**Instructions to follow**
Give the records again exactly. Pictures do not belong in the copy.

**Material for the task**
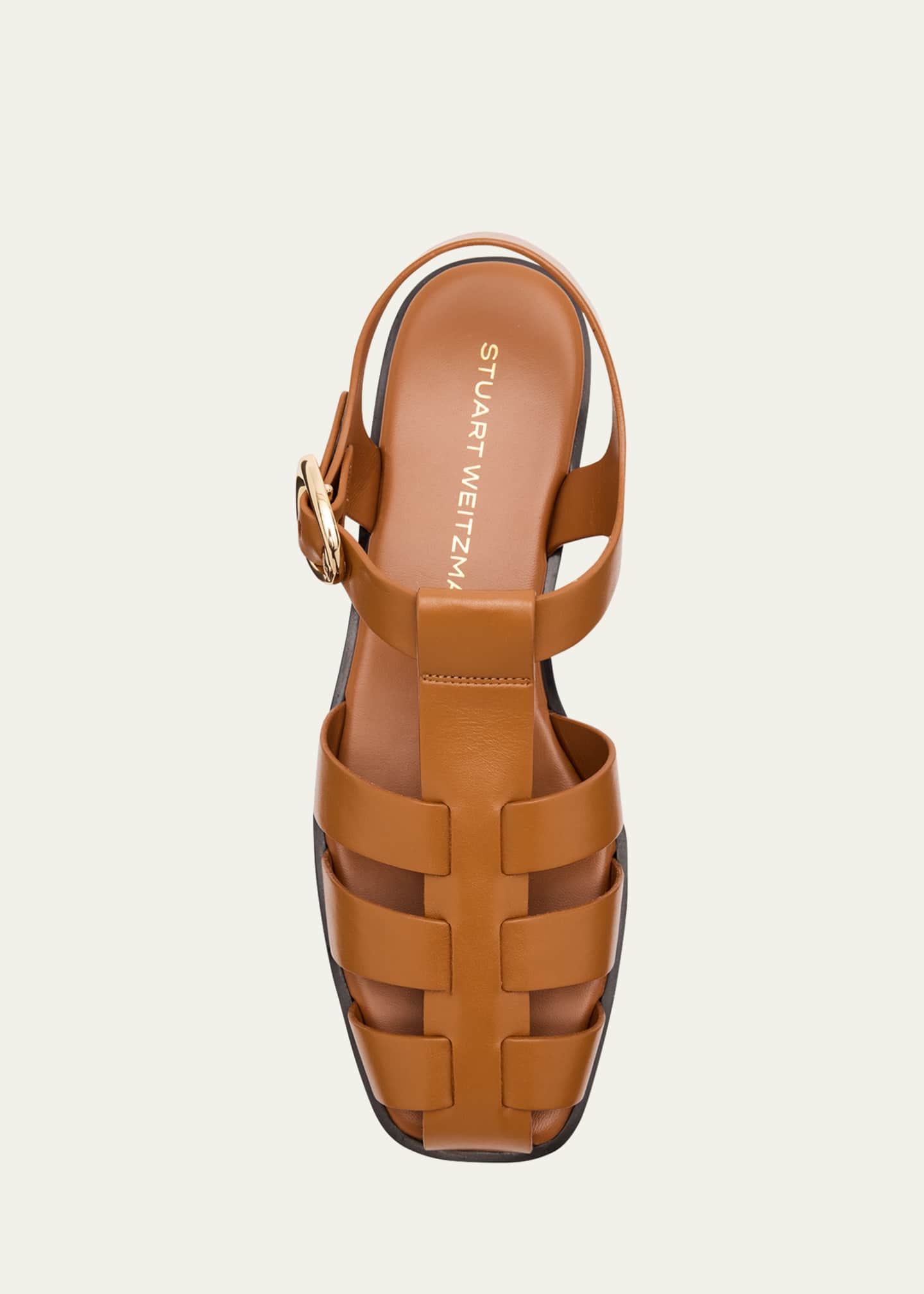 Stuart Weitzman Villa Leather Fisherman Sandals Image 6 of 6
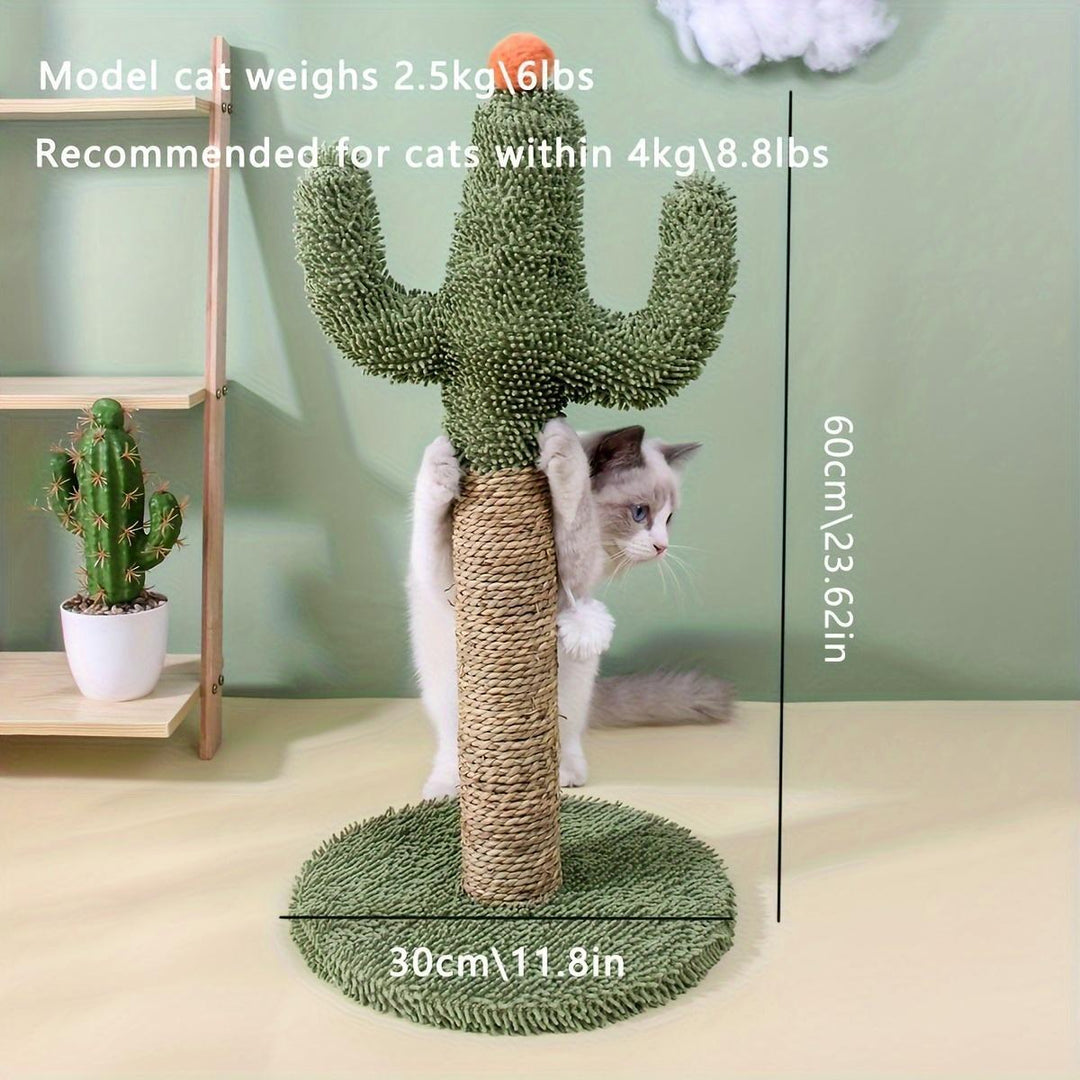 Cute cactus design scratch pole for cats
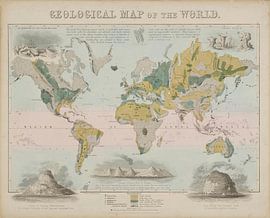 Geographisches Diagramm: Geologische Weltkarte, John Emslie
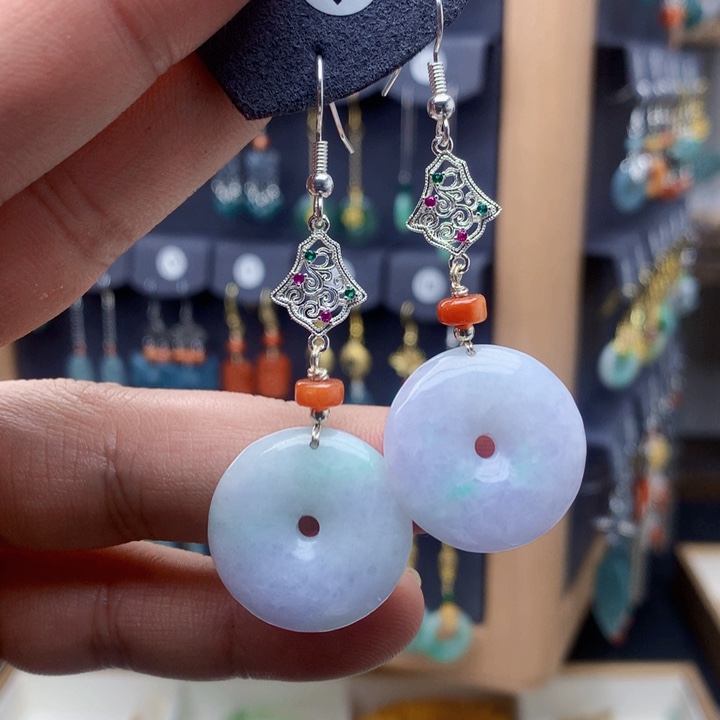 未镶嵌翡翠耳饰耳饰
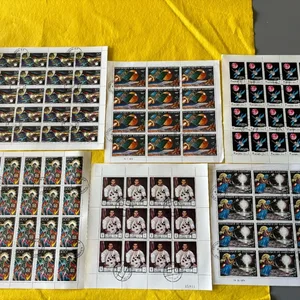 Stamp sheets set (6x) Space exploration (international)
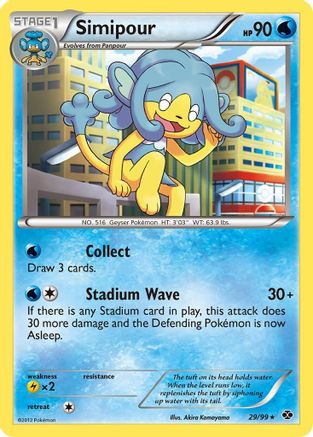 Simipour 029  - Reverse Holofoil Next Destinies - Rare
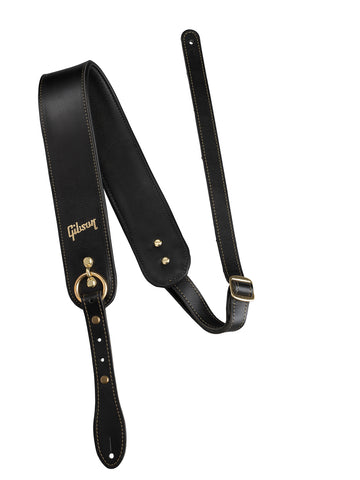 Gibson ASPS-BLK Premium Saddle Guitar Strap - CBN Music Warehouse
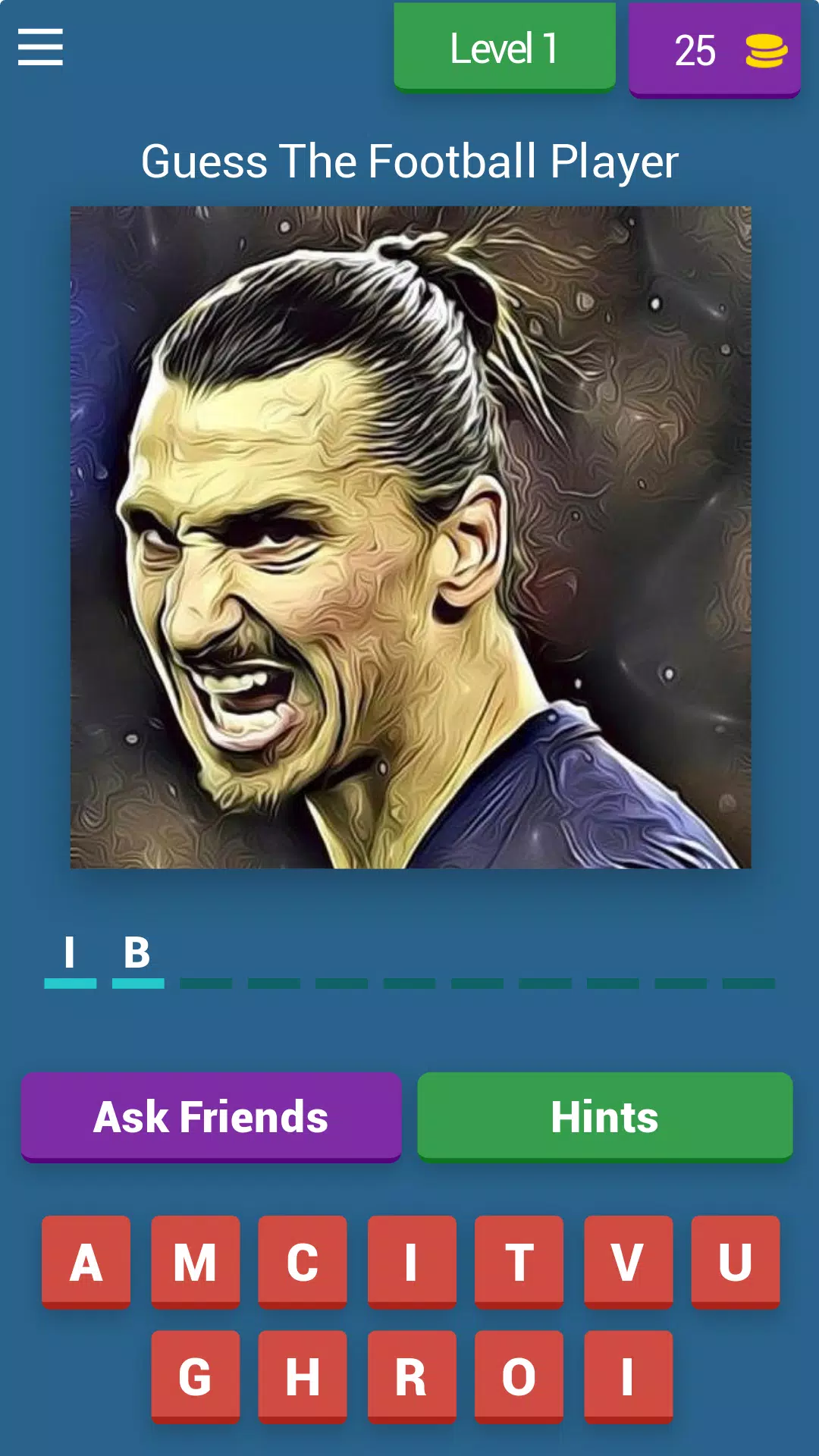 Guess The Football Player Quiz Screenshot 0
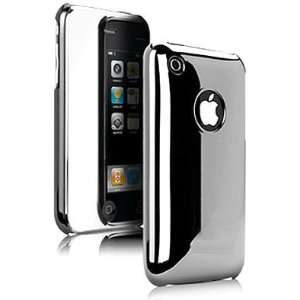 Chrome Glossy Shell Case and Mirror Screen Protector for Apple iPhone 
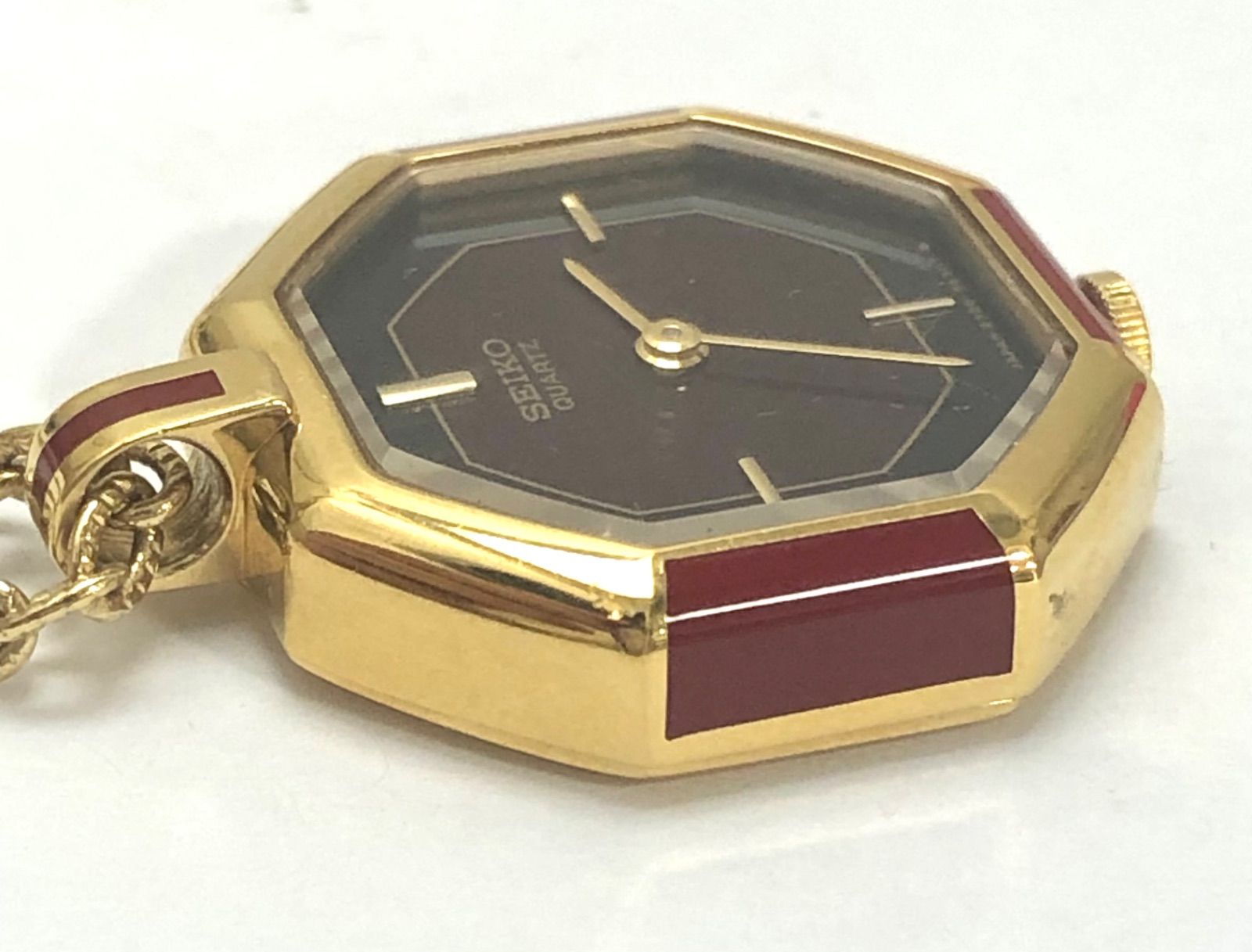 SEIKO 2320-6820 オクタゴン ペンダント クォーツ セイコー SEIKO 2320-6820 オクタゴン ペンダント クォーツ セイコー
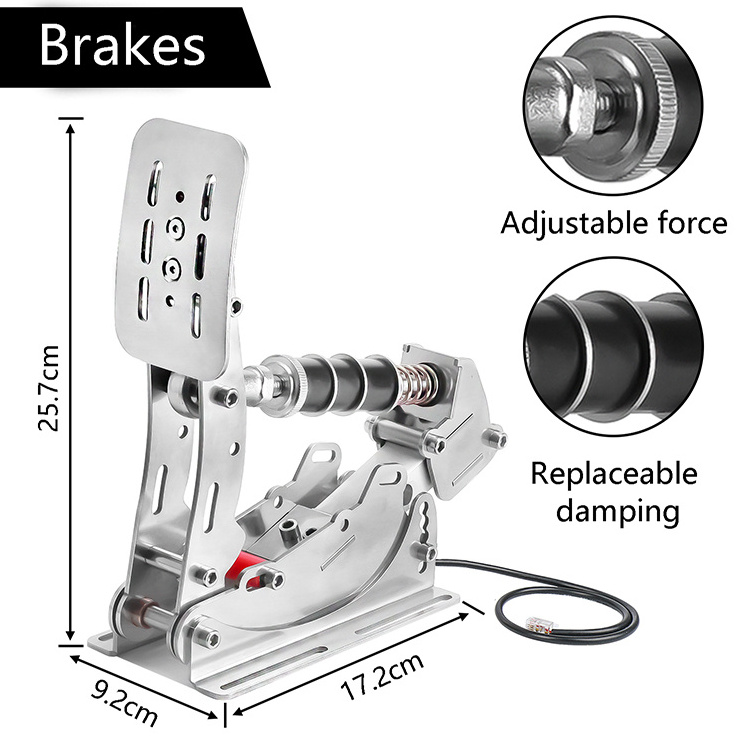 sim racing load cell pedals sim racing drift racing simulator pedals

**Result of the task**
 Stuart Weitzman Villa Leather Fisherman Sandals Image 6 of 6
 Cute cactus design scratch pole for cats
 Geographisches Diagramm: Geologische Weltkarte, John Emslie
 未镶嵌翡翠耳饰耳饰
 Stamp sheets set (6x) Space exploration (international)
 Simipour 029  - Reverse Holofoil Next Destinies - Rare
 Gibson ASPS-BLK Premium Saddle Guitar Strap - CBN Music Warehouse
 Guess The Football Player Quiz Screenshot 0
 Chrome Glossy Shell Case and Mirror Screen Protector for Apple iPhone 
 SEIKO 2320-6820 オクタゴン ペンダント クォーツ セイコー SEIKO 2320-6820 オクタゴン ペンダント クォーツ セイコー
 sim racing load cell pedals sim racing drift racing simulator pedals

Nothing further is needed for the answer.